The US is not interested in negotiations to resolve the issue. The uranium enrichment issue is a pretext to gain international support for its planned attack on Iran. There has been a build-up of US forces in the Persian Gulf with the arrival of two naval carriers flanked by nuclear submarines and battleships, carrying fleets of attack jets, and holding special Marine landing forces.

It is the heroic resistance of the Iraqi liberation movement that is deterring Bush from launching the attack. The US forces are trapped in a quagmire from which they are finding it difficult to free themselves.
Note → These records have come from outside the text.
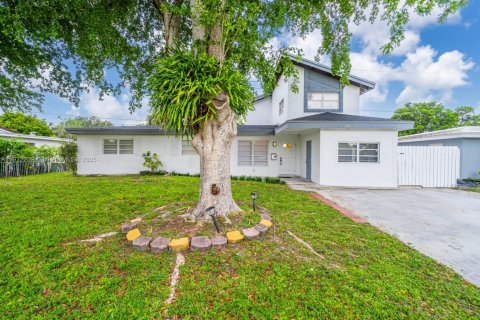 Casa en Pompano Beach, Florida 4 dormitorios, 200.3 m2 № 2018802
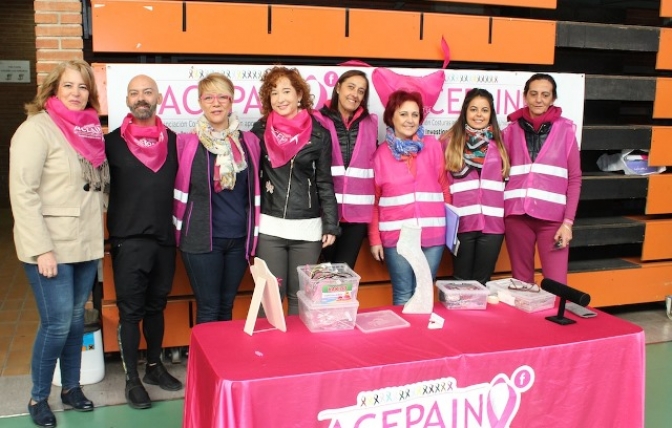 Pilates solidario en el pabellón Feria de Albacete en apoyo a Acepain para investigar sobre el cáncer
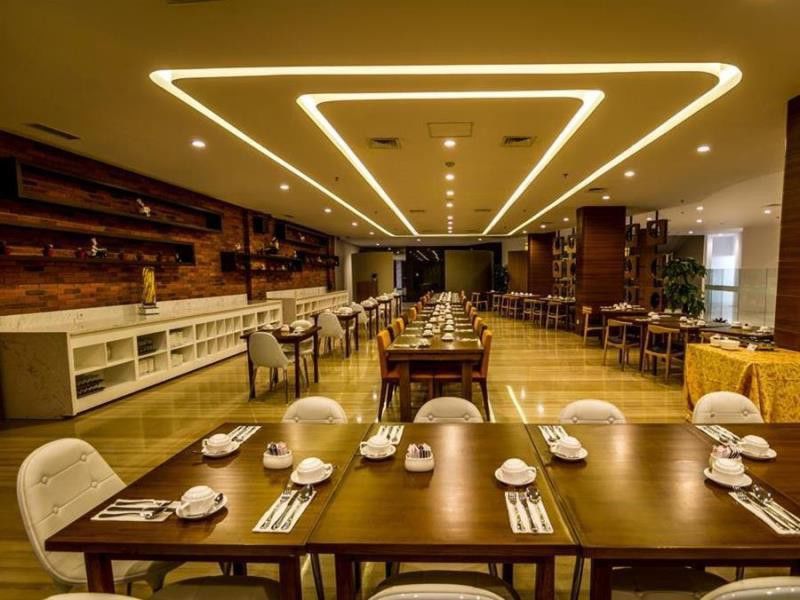 Hariston & Suites, Pluit - Hotel 4*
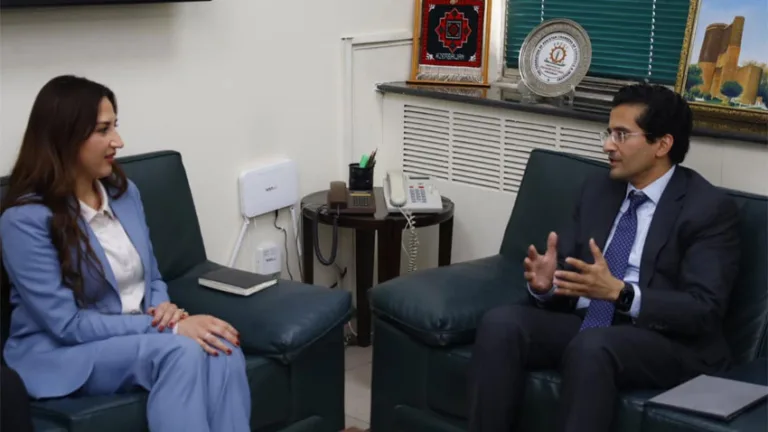 Pakistan, US vow to strengthen partnership in energy sector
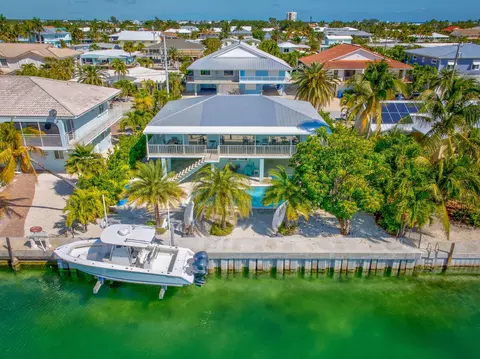521 11th St, Key Colony, FL 33051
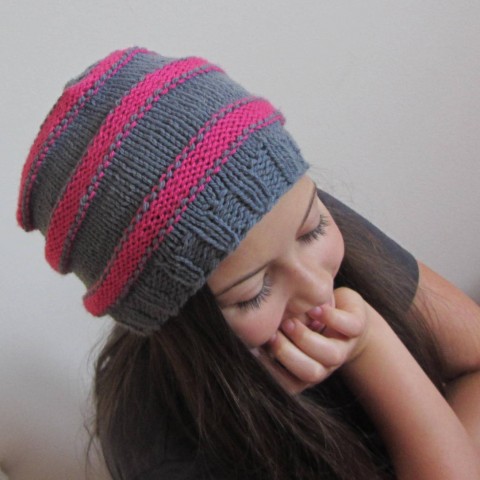 S růžovým nebo šedým proužkem pletená zimní čepice čepka zima  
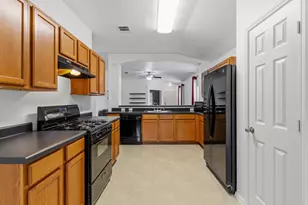 12601 Waynespur Ln, Elgin, TX 78621 - Photo 23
Images of the body bags of American soldiers killed in Iraq seen on television have turned US public opinion against the occupation.

The American public has no more appetite for another war, this time against Iran, a more formidable enemy than Saddam’s Iraq.   Regardless of these constraints, Bush may still choose to attack Iran, or goad its surrogate Israel to do so. If Israel attacks Iran, then the pro-Israeli US Congress would support it and Bush need not worry about public opinion. An attack on Iran would bring about a conflagration in the area with devastating consequences for the region and the world.